• **DATA UNDER STUDY**:
++++++

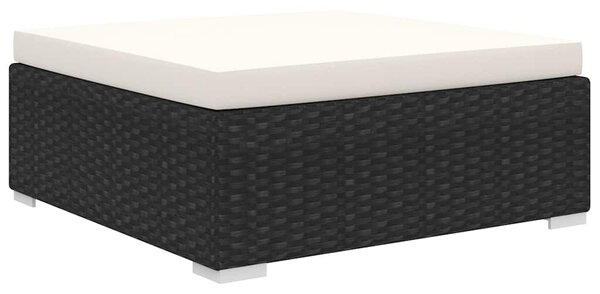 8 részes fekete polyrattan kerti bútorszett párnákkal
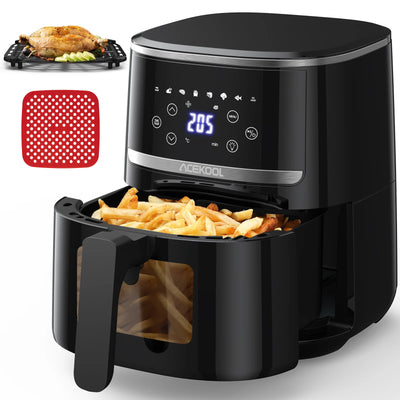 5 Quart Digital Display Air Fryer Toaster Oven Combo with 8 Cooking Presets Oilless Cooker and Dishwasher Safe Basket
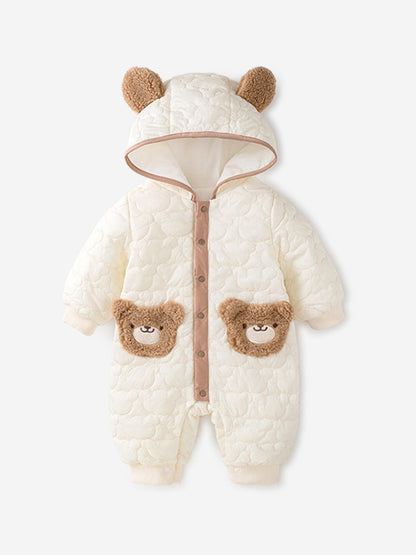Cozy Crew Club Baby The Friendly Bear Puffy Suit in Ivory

++++++

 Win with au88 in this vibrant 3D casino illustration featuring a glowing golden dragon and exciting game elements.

++++++

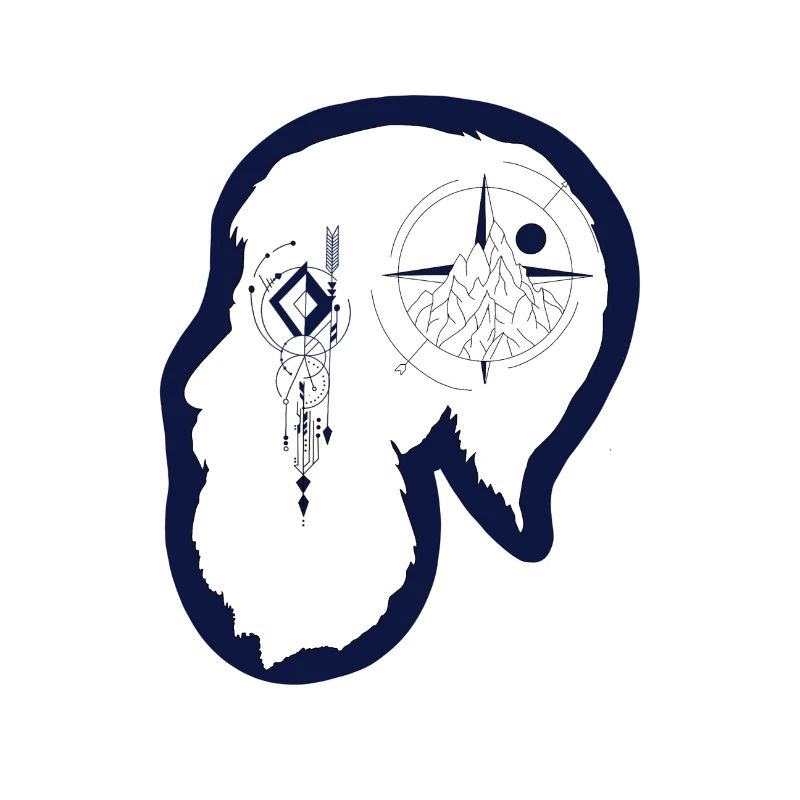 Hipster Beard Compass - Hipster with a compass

++++++

• **ASSIGNMENT**:
Only the lines of the listing above from the one with "5 Quart Digital" through the one with "Cozy Crew Club" should be output, exactly, with both ends kept and pictures left out.

• **OUTPUT BELOW**:
 5 Quart Digital Display Air Fryer Toaster Oven Combo with 8 Cooking Presets Oilless Cooker and Dishwasher Safe Basket
Cozy Crew Club Baby The Friendly Bear Puffy Suit in Ivory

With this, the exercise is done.